Se estiver lá, eu quem escolhi. Se não estiver também. Tem sim as vezes em que o que te rodeia te impede, mas aí é outra história. Você escolheu estar lá, se não esteve tem motivos, que não você, para te impedirem de estar lá.
Mas estive pensando em tudo isso quando escolhi não banalizar mais as coisas. Se eu quero, eu quero. Se eu amo, amo. Se vivo, VIVO. Nada de ficar fingindo o querer, o amor, o viver. Porque com o fingimento há a falsidade, a dissimulação, o que não é você. E se SER, para NÃO SER VOCÊ, qual o objetivo?
Escolhi ter vontade e fazer. Seguir meus valores, meus princípios, minhas escolhas por mim mesma.
Escolhi que estaria caminhando contra a corrente, até não poder resistir. E assim fui. Força, força. "Pra exercitar todo o músculo que sente". E o dia nasceu feliz. Porque se você escolhe o Tentar, você prova a coragem. Que não pode ser fingida, tem que vir de dentro - cheia de vontade. Se você escolhe caminhar contra, tem que saber que estará consigo mesmo, por vezes. Beleza, eu quem sempre me entendi melhor que os outros mesmo.
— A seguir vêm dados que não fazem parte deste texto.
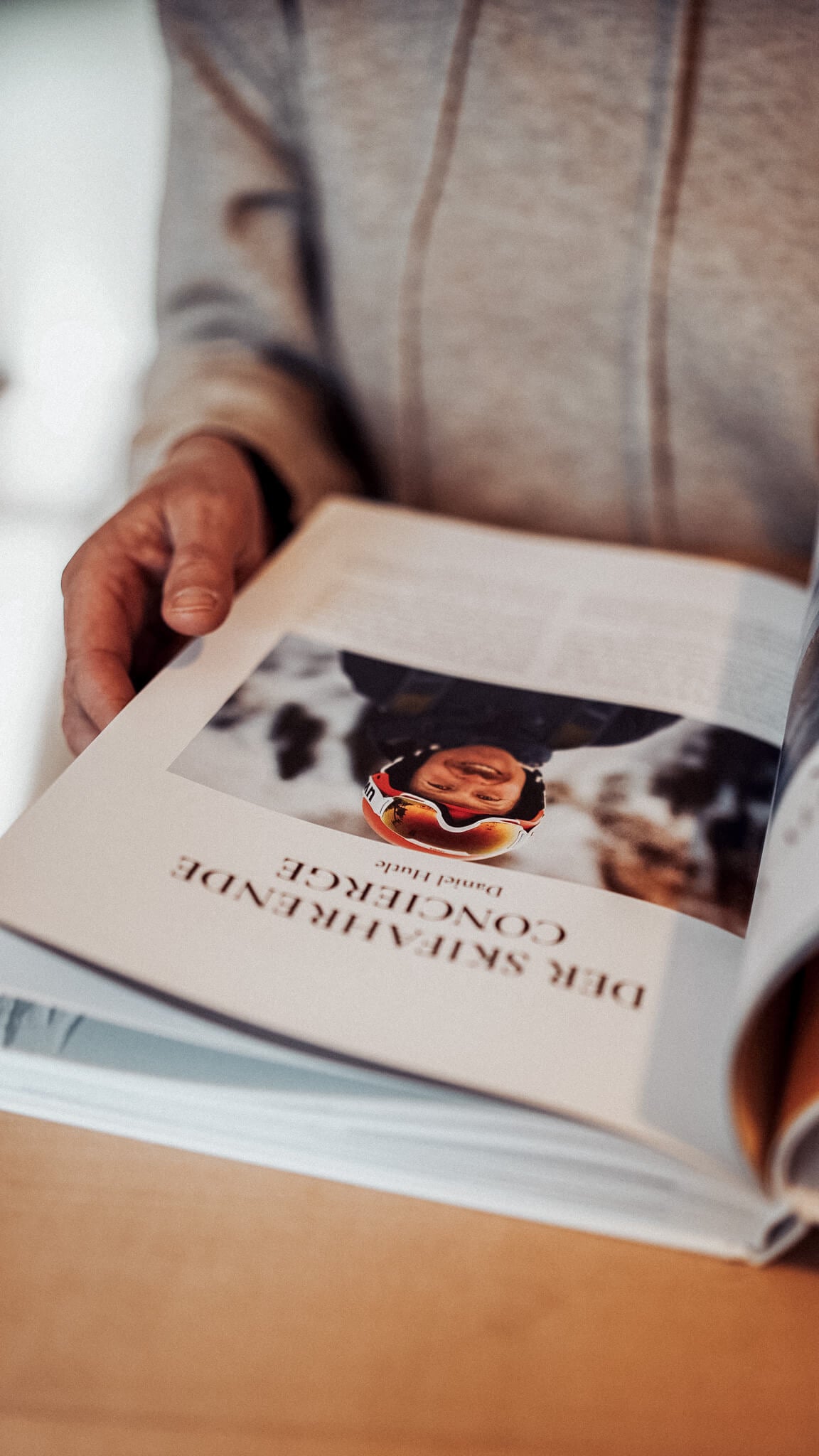 Inside the Arlberg Book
Escolhi não sofrer dessa vez. Porque quando escolhi recomeçar tudo, saberia que chegaria esse dia: o de não ser mais. O não ser mais não é, e pronto. Do verbo já foi. E eu escolhi não ser mais vitima de nada. Tem sempre o sorriso, sempre a "Pollyana" para qualquer situação, tem de ser entregue a estes lados. E, sem esquecer, sem banalizar. Porque rir fingindo também não vale, tem que rir com a alma. Tem que gargalhar.